Problem requirements: In the reply, give back exactly the lines from the one with "Gasoline / Oil Lighter - Gentelo - Gun" through the last line of the records, without pictures.

Data records:

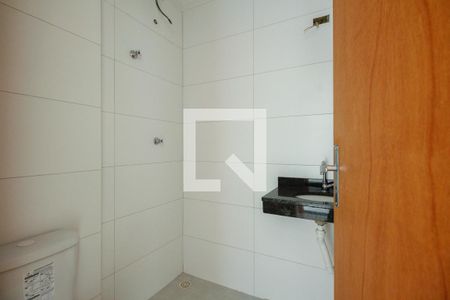 Banheiro  de apartamento para alugar com 2 quartos, 40m² em Vila Aricanduva, São Paulo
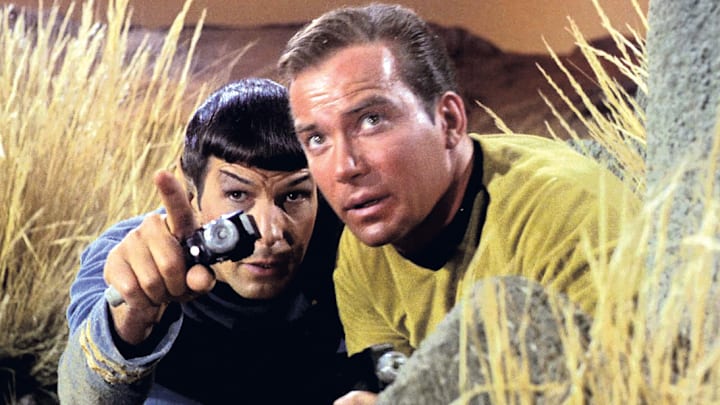  Star Trek Explorer #12. Courtesy of Titan Comics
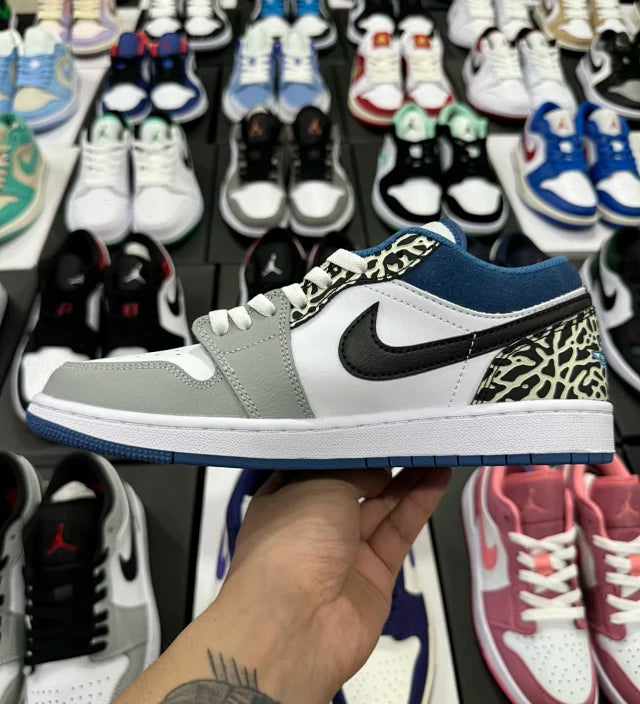 AJ1 Low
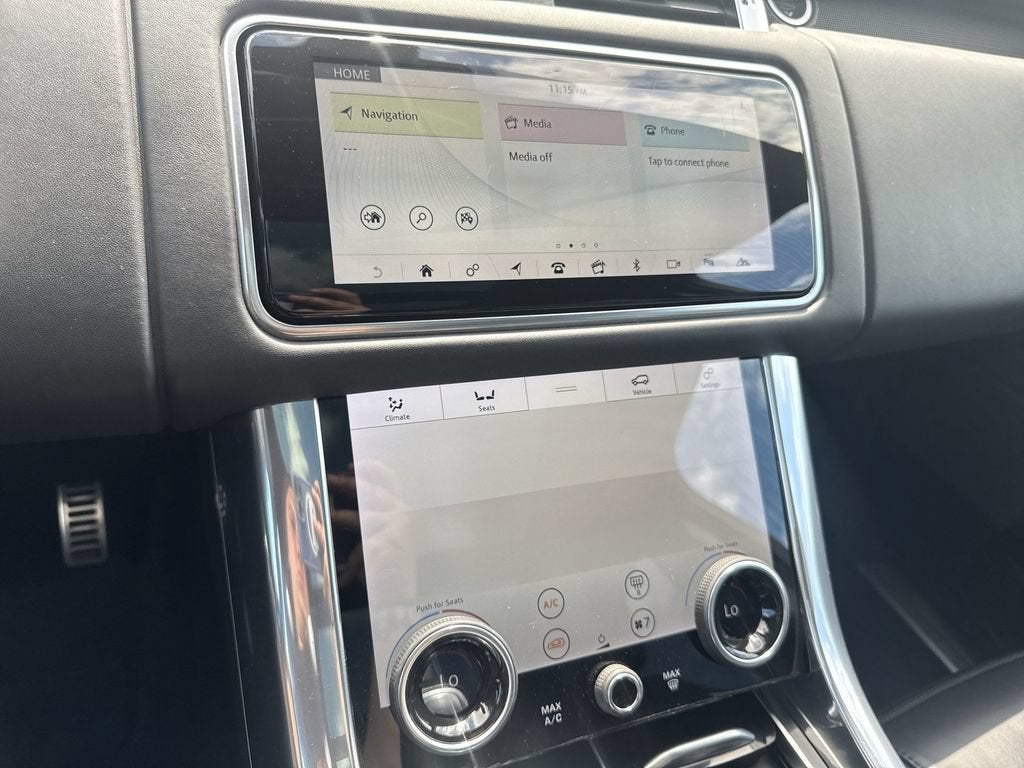 2018 Land Rover Range Rover Sport HSE Dynamic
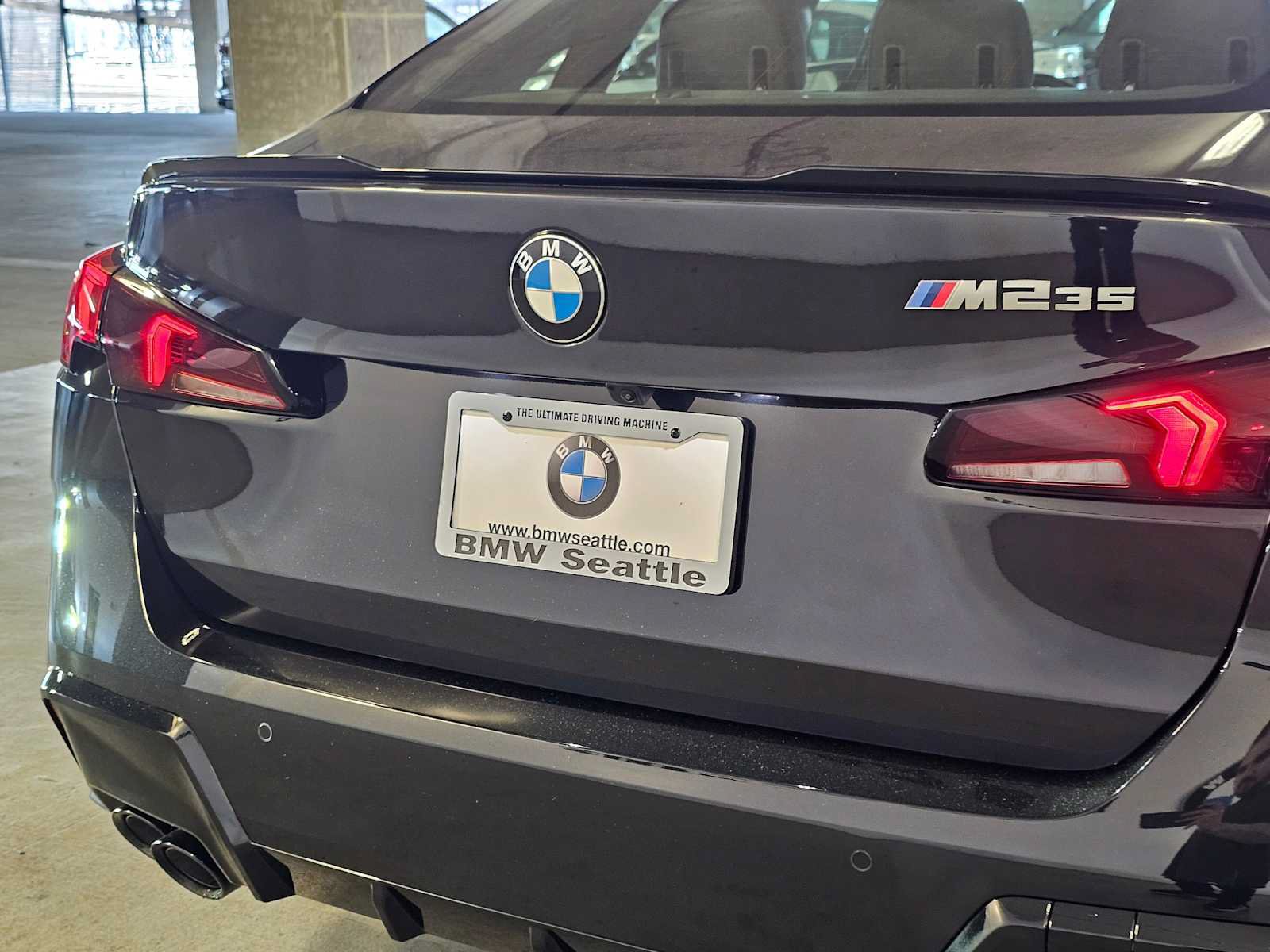 New 2026 BMW M235i xDrive w/ M Performance Package AWD/4WD image 7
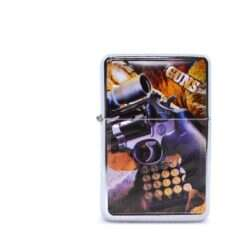 Gasoline / Oil Lighter - Gentelo - Gun
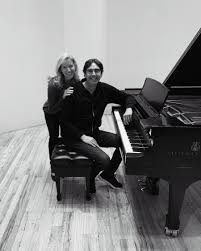 Shane and I just finished recording the third of a set of three songs by  Western NY composer Stephen Shewan. I am so excited to release the first of  the three really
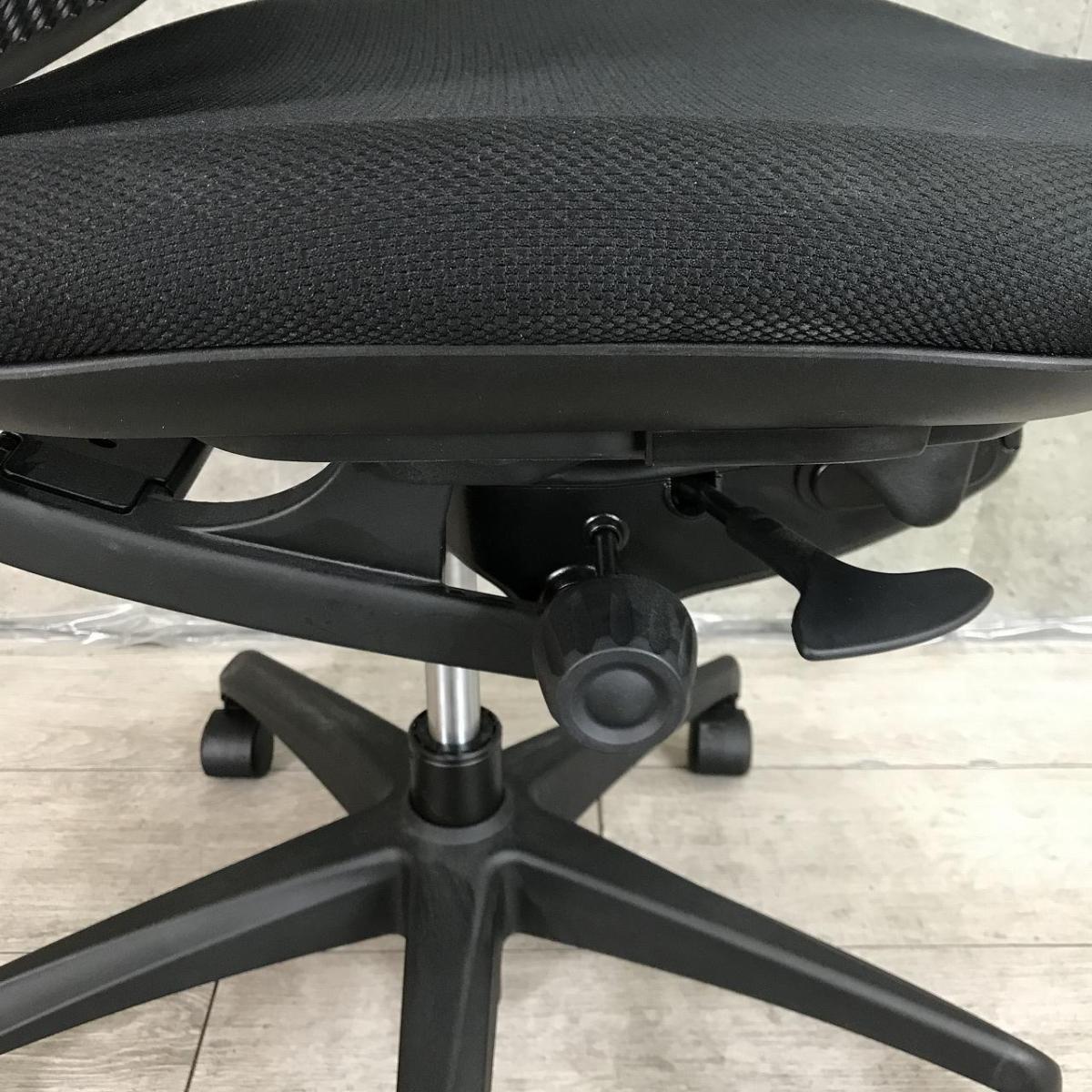 中古】yera イナバ/INABA 肘無ハイバックチェア 569179 - 中古オフィス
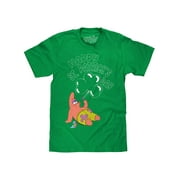 Tee Luv SpongeBob SquarePants Patrick Star Happy St Patrick's Day Cartoon Shirt Men's XXL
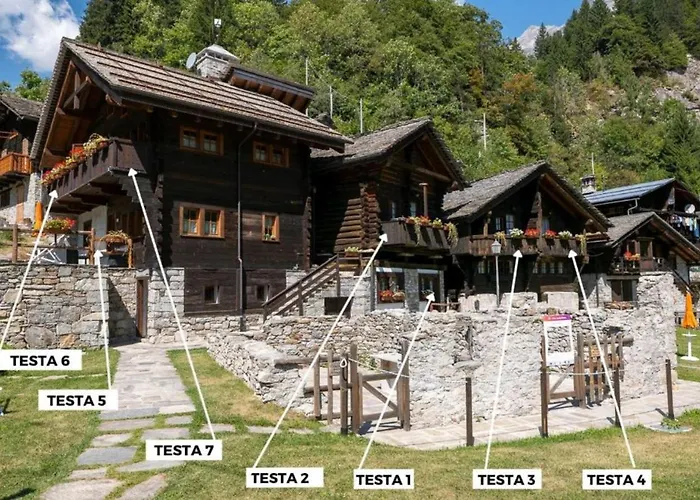 Incanto Walser Testa *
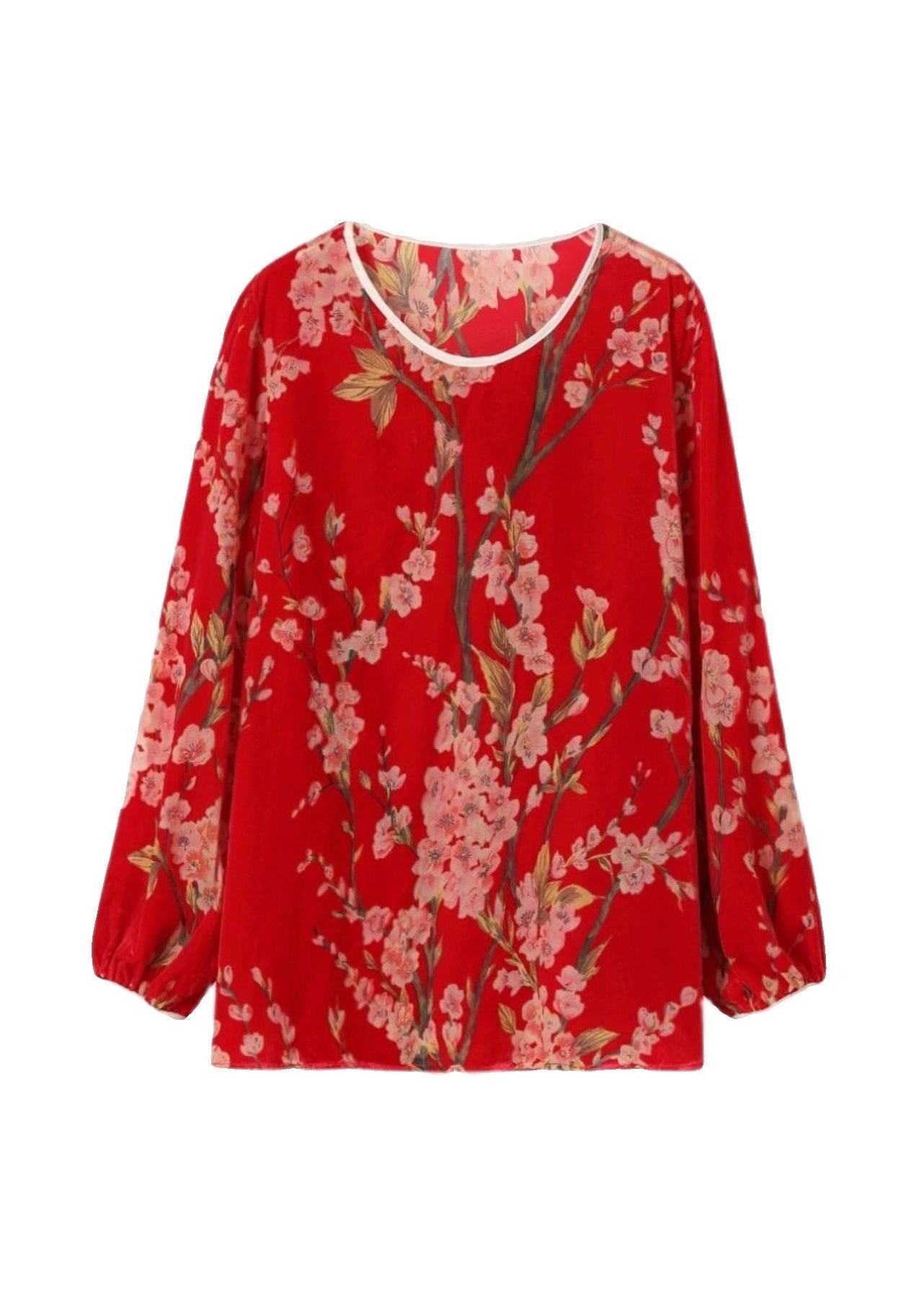 Effortlessly Elegant Top with a Timeless Design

Response to the task:
 Gasoline / Oil Lighter - Gentelo - Gun
 Shane and I just finished recording the third of a set of three songs by  Western NY composer Stephen Shewan. I am so excited to release the first of  the three really
 中古】yera イナバ/INABA 肘無ハイバックチェア 569179 - 中古オフィス
 Tee Luv SpongeBob SquarePants Patrick Star Happy St Patrick's Day Cartoon Shirt Men's XXL
 Incanto Walser Testa *
 Effortlessly Elegant Top with a Timeless Design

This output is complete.